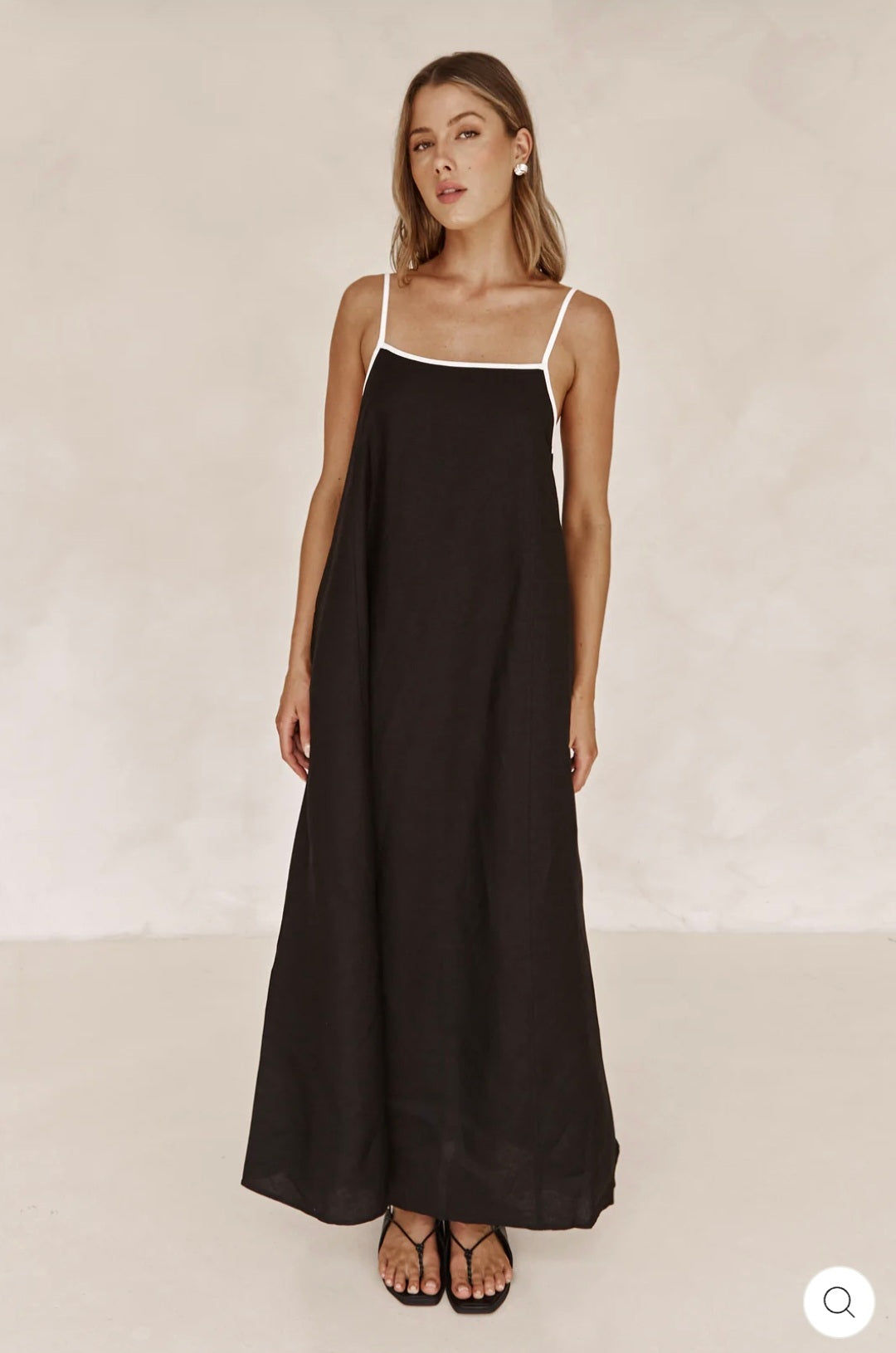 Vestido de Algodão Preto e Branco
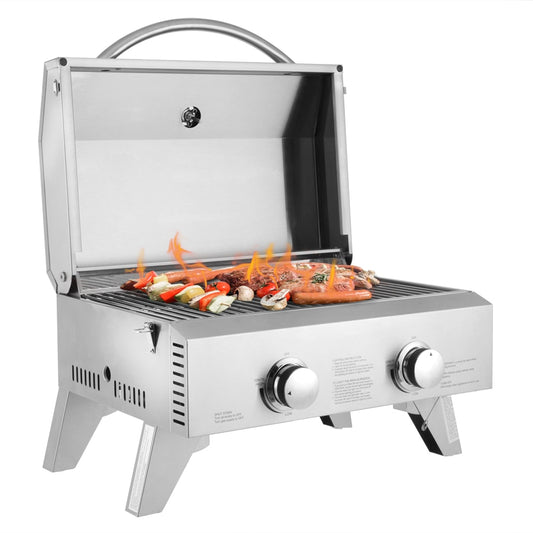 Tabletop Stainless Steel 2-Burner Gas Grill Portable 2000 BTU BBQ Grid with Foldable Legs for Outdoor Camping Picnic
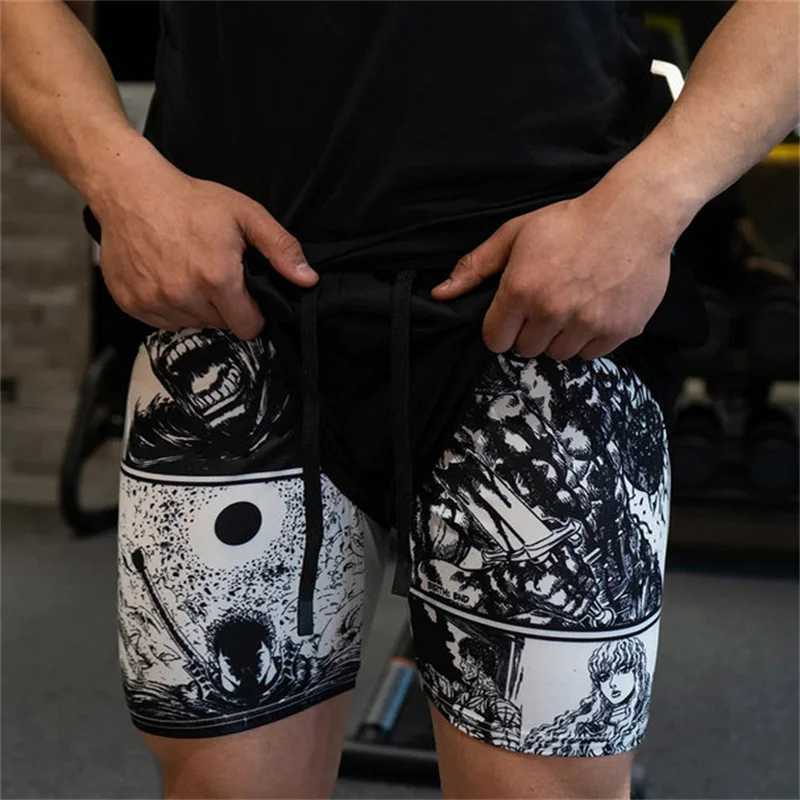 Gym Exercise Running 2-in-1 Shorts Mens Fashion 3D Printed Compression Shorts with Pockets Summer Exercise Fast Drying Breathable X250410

··········

All lines of the listing must be given again exactly, excluding the pictures.

 Vestido de Algodão Preto e Branco
 Tabletop Stainless Steel 2-Burner Gas Grill Portable 2000 BTU BBQ Grid with Foldable Legs for Outdoor Camping Picnic
 Gym Exercise Running 2-in-1 Shorts Mens Fashion 3D Printed Compression Shorts with Pockets Summer Exercise Fast Drying Breathable X250410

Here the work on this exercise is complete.